Dillinger Escape Plan Map Out New Album

BY Keith CarmanPublished Apr 24, 2009

If you're waiting with bated breath for the release of Dillinger Escape Plan's unnamed fourth studio effort, you'd better find some mouthwash. It's not going to be coming out any time soon.

As guitarist Ben Weinman relayed to UK's Rock Sound Magazine recently, the quartet are still in the writing process and he doesn't expect the project to be finished/into our grubby paws until late this year. He did note, however, that they will enter the studio with favoured producer Steve Evetts (Sepultura, Every Time I Die) in July and August.

Not only that but the mathcore giants also have yet to reveal which label will be releasing it. They are not working with long-time home Relapse Records this time around.

Pouring salt in the wound, Weinman had this to say about how the album is shaping up:

"The new songs sound dark and evil. Very early '90s thrash influenced. Lately I have been realizing the purpose of why I started Dillinger all those years ago. It was to make people truly uncomfortable and to make them not feel accepting of what is happening in their surroundings. When I was growing up, I discovered metal and it interested me, I liked that it was dark and talked about the fact that the world is not all puppy dogs and ice cream cones. But then it just got ridiculous, humorous. I look at black metal bands and they are suppose to be so evil. But it's not real. It's about fiction. About goblins and the gates of hell - pretty much a bad horror movie.

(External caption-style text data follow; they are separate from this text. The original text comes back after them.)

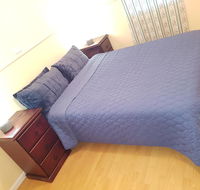 AGVA OPAL - Accommodation Daintree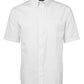 JB's Short Sleeve Oxford Shirt - Adults (4OSX)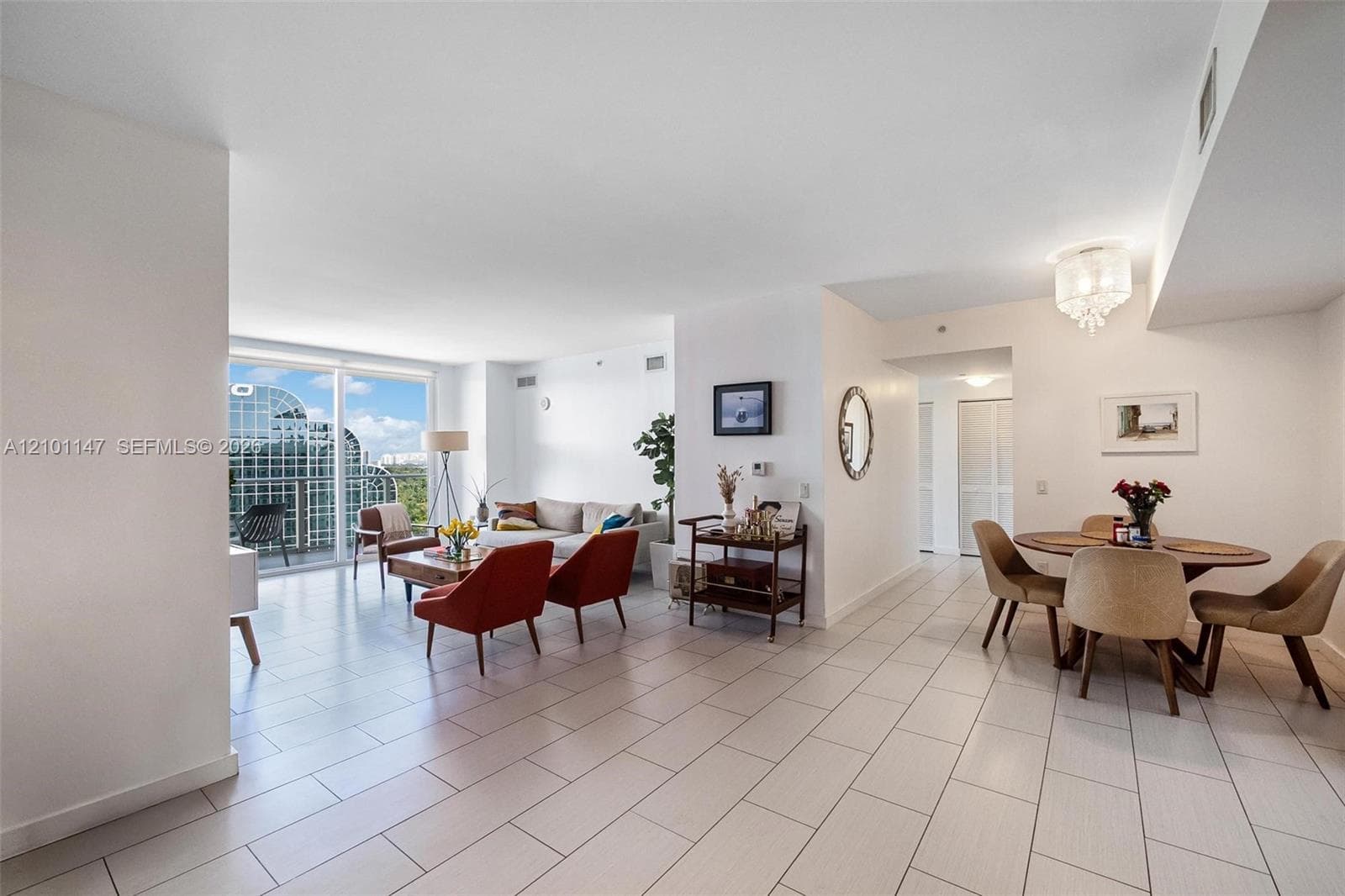 Baltus House · #1605 in Miami - Photo 27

"The music we are writing is influenced by the feelings I get when I hear and see the real evils of this world. Horrible things that make me really question if there is a God or not. This shit is not comfortable, the world is not comfortable, babies are getting raped in your town for God's sake. Young girls are being sold as sex slaves, but most people sitting at their computers downloading music don't want to know. They want to sit on a message board or play fantasy football while their mommy makes them a sandwich.''

While we wait for this masterpiece, Relapse helped ease the hunger pangs by reissuing DEP's 1998 effort, Under The Running Board, with ten bonus tracks not too long ago.